This is the second attempt at adding support for using the unrolling pragma metadata in the loop unroller. The previous patch (r210721) was reverted as it was a suspect in test failures (root cause was determined to be a different patch).
Again, here are the supported pragmas and their meaning (they are passed through the IR as metadata):
#pragma clang loop unroll(enable) unroll the loop completely
#pragma clang loop unroll(disable) do not unroll the loop.
#pragma clang loop unroll_count(N) // unroll the loop N time
If the unroller is unable to unroll the loop as directed by the pragma then the unroller will still generally be more aggressive than the default limits.

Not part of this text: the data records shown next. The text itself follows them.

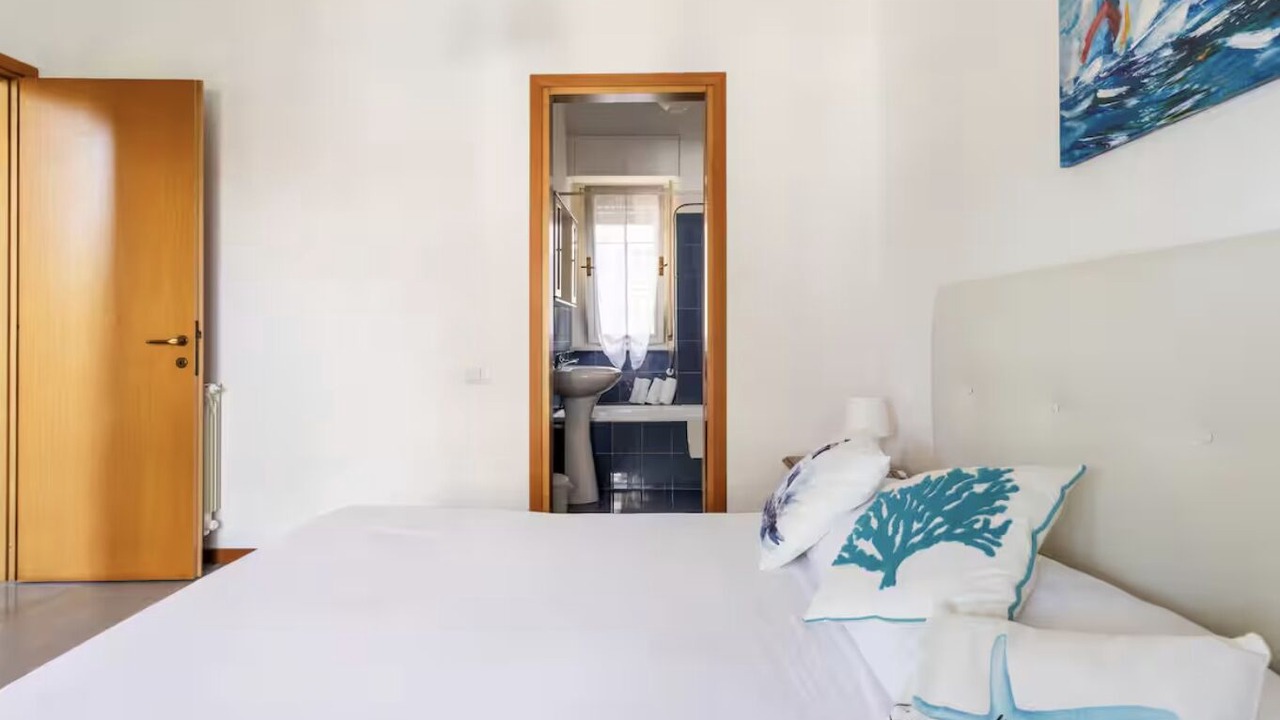Photo of Bedroom in Fregenae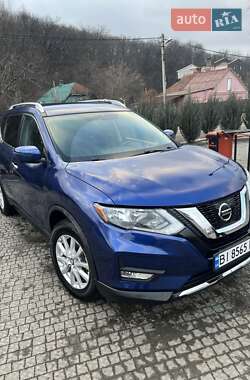 Внедорожник / Кроссовер Nissan Rogue 2017 в Полтаве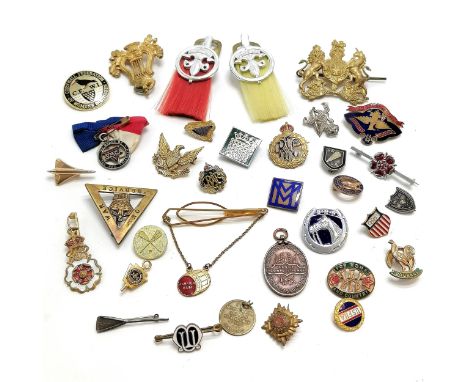 Qty of militaria inc RFC flying brooch, On war service 1916 badge, enamel Jamaica rum tie slide, scouting cap badges, BWLA en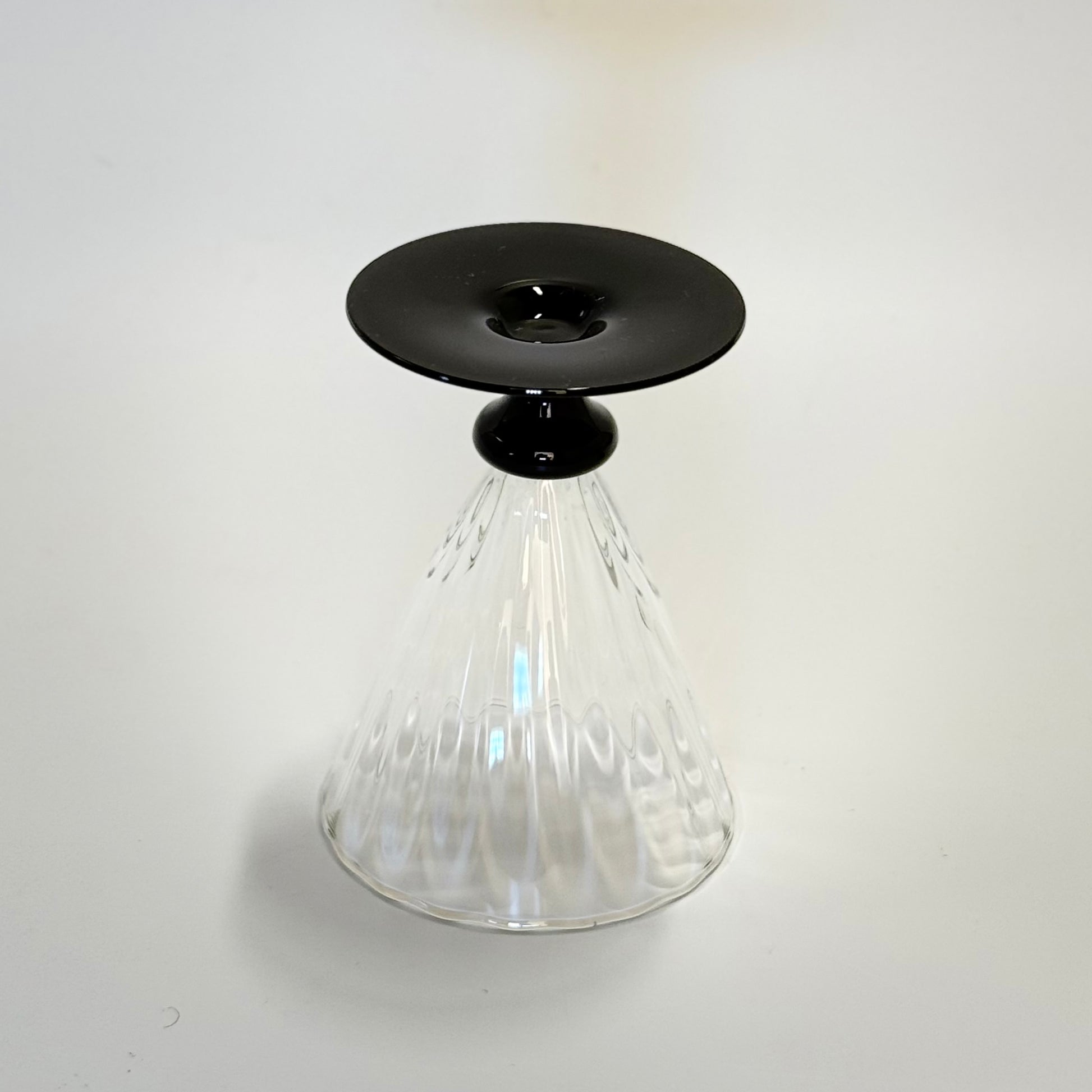 Holmegaards Klintholm med optiske striber og sort stilk og fod, hedvinsglas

This change includes more refactoring than the original patch. After a second look, I felt this was necessary as the original logic was a bit convoluted and layering on the pragma handling just made it worse. Hopefully this change makes it easier to understand.
Hal, this addresses your suggestions of making the pragma unroll limit a cl opt and a size threshold (rather than an unroll count), also it emits optimization remarks if the loop cannot be unrolled as directed by the pragma.
4096 is much too small... we're worried about catching cases that might cause us to segfault, right? Make this at least an order of magnitude larger. You should experiment with this, take some simple loop and set the limit so that the memory size increase is limited to 200 MB or something like that.